DATA PROVIDED:
"""
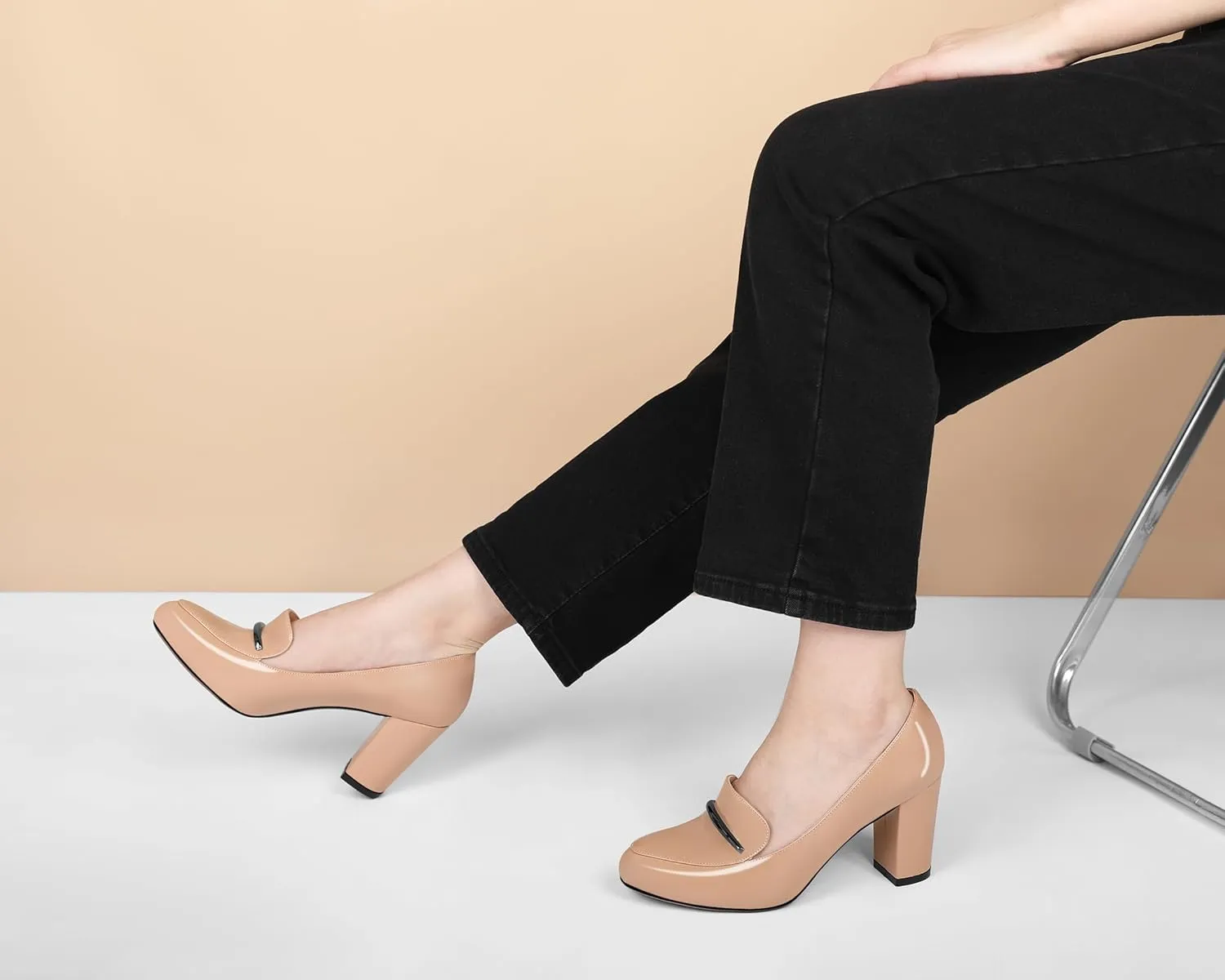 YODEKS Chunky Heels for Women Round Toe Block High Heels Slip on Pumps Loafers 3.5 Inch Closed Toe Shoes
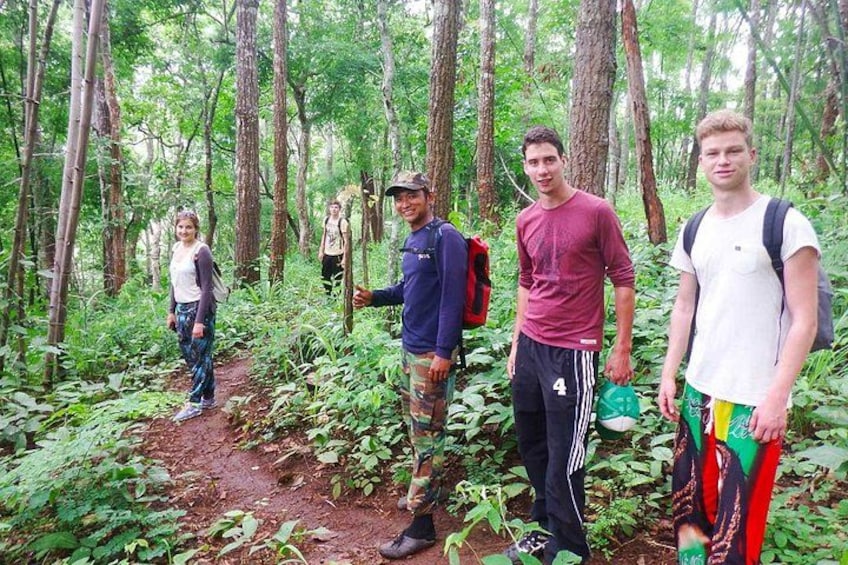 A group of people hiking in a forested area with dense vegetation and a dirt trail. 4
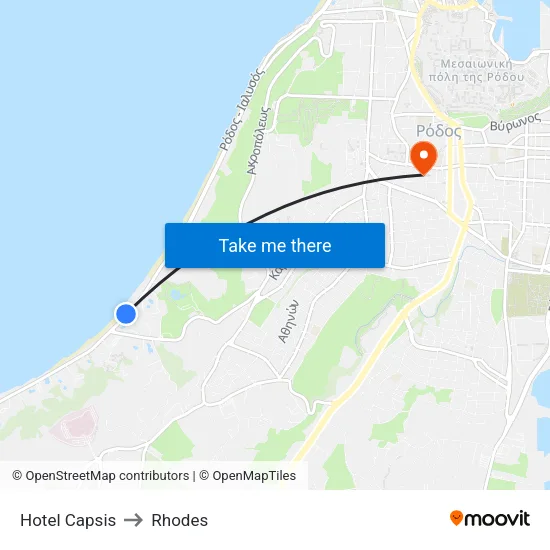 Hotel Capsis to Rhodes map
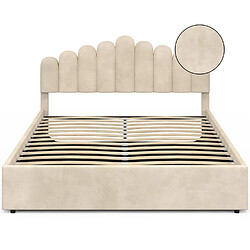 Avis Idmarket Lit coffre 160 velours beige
"""
TO DO:
Nothing but the lines from the line with "Hotel Capsis to Rhodes map" through the last line of the data above should be printed, exactly as written and without pictures.

OUTPUT FOR THIS EXERCISE:
 Hotel Capsis to Rhodes map
 Avis Idmarket Lit coffre 160 velours beige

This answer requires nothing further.